Putting $x=\sin\theta$ gives $f(-\cos 2\theta)=2\sin\theta f(\sin\theta)$, or $f(\cos 2\theta)=-2\sin\theta f(\sin\theta)$ (2).

It is clear from (2) that $f(1)=0$.

Putting $\theta=\pi/4$ in (1) and (2) gives $f(0)=\surd 2f(1/\surd2)=-\surd2f(1/\surd2)$, so now $f(\sin 0)=f(\sin \frac\pi4)=f(\sin\frac\pi2)=0$.

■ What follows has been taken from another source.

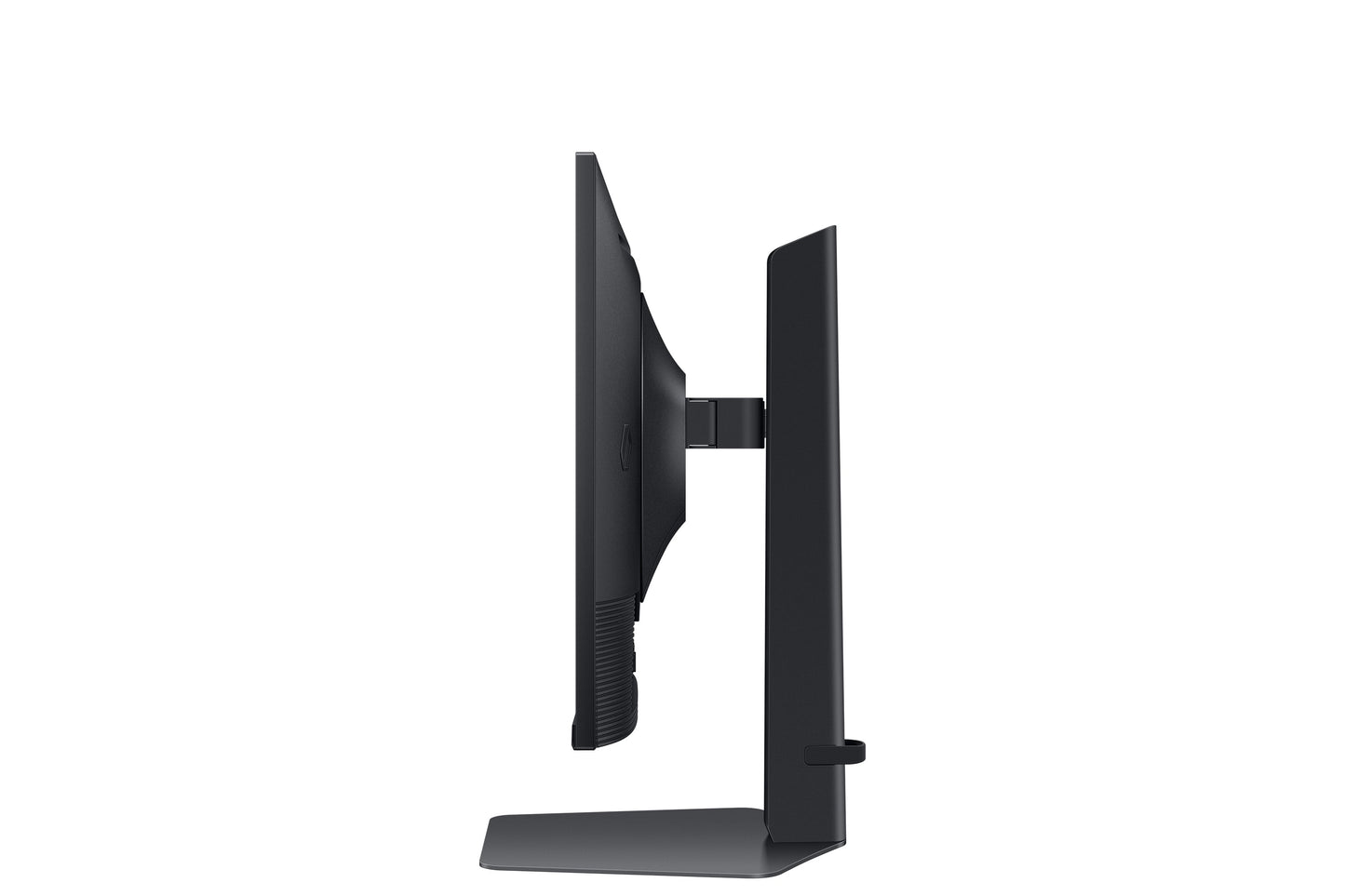 Samsung G50D computer monitor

Put $\theta=\pi/8$ in (1) and (2) now shows that $f(\sin\frac\pi8)=f(\sin\frac{3\pi}8)=0$.

Now direct substitutions, the identity $\sin(\pi/2-\theta)=\cos\theta$ and previous results show that $f(\sin\frac\pi{16})=f(\sin\frac{3\pi}{16})=f(\sin\ frac{5\pi}{16})=f(\sin\frac{7\pi}{16})=0$.

So far we know that

$f(\sin 0)=f(\sin\frac\pi{16})=f(\sin\frac{2\pi}{16})=f(\s in\frac{3\pi}{16})=f(\sin\frac{4\pi}{16})=f(\sin\f rac{5\pi}{16})=f(\sin\frac{6\pi}{16})$ $=f(\sin\frac{7\pi}{16})=f(\sin\frac{8\pi}{16})=0$.

You can see how to proceed. We can prove by induction that for all positive integers $n$, $f(\sin \theta)=0$ whenever $\theta\in S_n=\{\frac{k\pi}{2^{n+1}}:0\leq k\leq 2^n\}$.

The function $g(\theta)=f(\sin\theta)$ is continuous on $[0,\pi/2]$ and vanishes on $S=\bigcup_{n=1}^\infty S_n$. Moreover $S$ is dense in $[0,\pi/2]$ (anyone else want to prove this?)

It follows that $g(\theta)=0$ on $[0,\pi/2]$ and therefore $f(x)=0$ on $[0,1]$ and therefore on $[-1,1]$.